The first thing to do is to initialize the client with the start function.

Once initialized, the client can be used to connect to one or more chains. Use addChain to add a new chain that the client must be connected to. addChain must be passed the specification of the chain (commonly known as “chain spec”).

The addChain function returns a Promise that yields a chain once the chain specification has been successfully parsed and basic initialization is finished, but before Internet connections are opened towards the chains.

In order to de-initialize a chain, call chain.remove(). Any function called afterwards on this chain will throw an exception. In order to de-initialize a client, call client.terminate(). Any function called afterwards on any of the chains of the client will throw an exception.

After having obtained a chain, use sendJsonRpc to send a JSON-RPC request towards the node. The function accepts as parameter a string request. See the specification of the JSON-RPC protocol, and the list of requests that smoldot is capable of serving. Smoldot also has experimental support for an extra (still experimental at the time of writing of this comment) set of JSON-RPC functions found here.

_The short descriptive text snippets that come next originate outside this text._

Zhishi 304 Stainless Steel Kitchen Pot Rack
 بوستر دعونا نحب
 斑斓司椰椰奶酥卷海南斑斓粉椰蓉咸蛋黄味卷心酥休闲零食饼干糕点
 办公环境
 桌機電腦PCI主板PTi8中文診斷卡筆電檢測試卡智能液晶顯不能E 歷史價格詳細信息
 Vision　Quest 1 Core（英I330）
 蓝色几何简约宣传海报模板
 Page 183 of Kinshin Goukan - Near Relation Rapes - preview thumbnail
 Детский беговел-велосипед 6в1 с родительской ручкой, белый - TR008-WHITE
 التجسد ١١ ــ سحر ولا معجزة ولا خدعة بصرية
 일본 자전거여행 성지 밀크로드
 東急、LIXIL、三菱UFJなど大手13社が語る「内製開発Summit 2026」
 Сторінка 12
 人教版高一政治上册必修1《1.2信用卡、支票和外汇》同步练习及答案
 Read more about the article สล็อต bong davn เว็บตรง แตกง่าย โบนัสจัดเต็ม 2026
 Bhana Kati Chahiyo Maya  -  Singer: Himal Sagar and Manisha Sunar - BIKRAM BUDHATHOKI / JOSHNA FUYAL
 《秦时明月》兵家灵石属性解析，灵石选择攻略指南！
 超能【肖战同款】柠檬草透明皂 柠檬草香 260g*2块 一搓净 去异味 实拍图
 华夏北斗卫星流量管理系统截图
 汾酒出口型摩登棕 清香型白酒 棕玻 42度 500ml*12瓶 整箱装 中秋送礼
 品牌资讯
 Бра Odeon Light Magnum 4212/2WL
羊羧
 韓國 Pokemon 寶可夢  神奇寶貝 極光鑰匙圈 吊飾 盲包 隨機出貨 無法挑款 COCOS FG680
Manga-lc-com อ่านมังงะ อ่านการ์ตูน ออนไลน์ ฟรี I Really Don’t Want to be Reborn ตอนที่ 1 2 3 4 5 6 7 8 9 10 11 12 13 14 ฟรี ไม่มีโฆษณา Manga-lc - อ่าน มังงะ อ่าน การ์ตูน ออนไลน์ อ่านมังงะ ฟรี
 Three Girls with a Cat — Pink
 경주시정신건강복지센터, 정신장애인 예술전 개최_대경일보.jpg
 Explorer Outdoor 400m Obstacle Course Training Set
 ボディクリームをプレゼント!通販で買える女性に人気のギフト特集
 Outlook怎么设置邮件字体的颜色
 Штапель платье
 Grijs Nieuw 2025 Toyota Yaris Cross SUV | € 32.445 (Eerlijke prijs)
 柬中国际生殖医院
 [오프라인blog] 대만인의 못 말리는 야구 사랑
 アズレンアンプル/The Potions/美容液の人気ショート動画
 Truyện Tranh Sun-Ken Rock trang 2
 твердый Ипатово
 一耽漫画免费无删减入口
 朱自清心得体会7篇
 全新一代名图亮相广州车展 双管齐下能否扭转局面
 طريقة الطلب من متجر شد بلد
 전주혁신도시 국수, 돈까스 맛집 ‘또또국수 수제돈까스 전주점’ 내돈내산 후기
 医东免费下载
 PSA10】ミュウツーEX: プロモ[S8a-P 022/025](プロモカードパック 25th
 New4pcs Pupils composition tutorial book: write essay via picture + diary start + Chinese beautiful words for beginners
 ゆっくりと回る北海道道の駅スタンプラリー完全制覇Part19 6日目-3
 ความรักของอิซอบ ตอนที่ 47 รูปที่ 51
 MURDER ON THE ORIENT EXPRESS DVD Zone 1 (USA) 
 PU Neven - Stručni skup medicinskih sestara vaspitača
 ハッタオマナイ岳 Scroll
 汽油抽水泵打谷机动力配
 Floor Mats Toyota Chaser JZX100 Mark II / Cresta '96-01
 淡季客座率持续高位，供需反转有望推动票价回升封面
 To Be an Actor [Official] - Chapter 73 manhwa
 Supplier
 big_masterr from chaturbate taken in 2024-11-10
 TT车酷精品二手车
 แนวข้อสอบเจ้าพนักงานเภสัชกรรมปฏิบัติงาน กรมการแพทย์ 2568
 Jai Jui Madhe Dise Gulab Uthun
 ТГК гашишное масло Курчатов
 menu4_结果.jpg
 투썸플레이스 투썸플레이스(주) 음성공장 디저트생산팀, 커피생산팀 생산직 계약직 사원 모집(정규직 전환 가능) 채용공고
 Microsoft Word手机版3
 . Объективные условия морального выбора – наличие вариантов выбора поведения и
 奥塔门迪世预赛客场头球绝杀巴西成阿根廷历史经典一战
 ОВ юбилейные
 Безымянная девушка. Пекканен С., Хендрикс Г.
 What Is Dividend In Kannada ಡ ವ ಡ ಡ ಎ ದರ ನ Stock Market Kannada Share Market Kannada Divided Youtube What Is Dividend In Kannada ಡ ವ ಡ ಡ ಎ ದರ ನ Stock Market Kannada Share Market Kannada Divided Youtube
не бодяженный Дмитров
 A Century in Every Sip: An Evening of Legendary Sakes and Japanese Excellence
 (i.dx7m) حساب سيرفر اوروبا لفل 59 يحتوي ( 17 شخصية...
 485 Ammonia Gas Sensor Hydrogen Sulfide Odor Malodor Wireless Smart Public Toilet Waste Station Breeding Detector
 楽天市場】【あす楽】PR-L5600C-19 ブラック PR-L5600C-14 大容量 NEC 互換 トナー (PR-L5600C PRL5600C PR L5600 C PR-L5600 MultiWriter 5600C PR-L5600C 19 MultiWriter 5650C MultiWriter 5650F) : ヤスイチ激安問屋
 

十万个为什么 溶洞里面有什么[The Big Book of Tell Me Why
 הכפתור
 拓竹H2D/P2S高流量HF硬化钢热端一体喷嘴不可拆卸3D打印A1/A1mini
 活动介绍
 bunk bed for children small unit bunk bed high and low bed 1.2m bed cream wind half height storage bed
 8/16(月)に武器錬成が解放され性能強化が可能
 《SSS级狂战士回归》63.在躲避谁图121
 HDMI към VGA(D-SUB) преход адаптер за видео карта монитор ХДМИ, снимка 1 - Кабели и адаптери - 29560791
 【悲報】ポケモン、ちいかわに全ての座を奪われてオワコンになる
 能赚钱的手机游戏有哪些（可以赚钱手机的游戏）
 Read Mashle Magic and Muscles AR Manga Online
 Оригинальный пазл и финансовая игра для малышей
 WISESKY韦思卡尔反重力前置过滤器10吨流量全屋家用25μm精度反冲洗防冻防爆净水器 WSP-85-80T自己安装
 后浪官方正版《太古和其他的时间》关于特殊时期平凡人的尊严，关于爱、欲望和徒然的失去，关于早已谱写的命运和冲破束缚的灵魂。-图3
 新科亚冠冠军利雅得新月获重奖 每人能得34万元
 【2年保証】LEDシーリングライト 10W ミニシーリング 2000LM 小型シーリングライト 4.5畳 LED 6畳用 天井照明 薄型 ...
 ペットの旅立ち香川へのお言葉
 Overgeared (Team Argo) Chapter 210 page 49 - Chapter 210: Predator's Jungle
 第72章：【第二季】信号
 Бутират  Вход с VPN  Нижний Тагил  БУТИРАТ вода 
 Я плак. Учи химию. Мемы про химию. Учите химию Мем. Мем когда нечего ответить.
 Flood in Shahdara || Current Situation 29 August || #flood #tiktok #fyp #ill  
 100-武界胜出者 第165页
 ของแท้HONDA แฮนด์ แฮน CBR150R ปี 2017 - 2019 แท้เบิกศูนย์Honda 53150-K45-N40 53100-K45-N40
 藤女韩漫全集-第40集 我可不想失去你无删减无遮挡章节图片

If the request is well formatted, the client will generate a response. This response can be pulled using the nextJsonRpcResponse asynchronous function. Calling this function waits until a response is available and returns it.

If the request is a subscription, the notifications will also be sent back using the same mechanism and can be pulled using nextJsonRpcResponse.

If the chain specification passed to addChain is a parachain, then the list of potential relay chains must be passed as parameter to addChain as well. In situations where the chain specifications passed to addChain are not trusted, it is important for security reasons to not establish a parachain-relay-chain link between two chains that aren’t part of the same “trust sandbox”.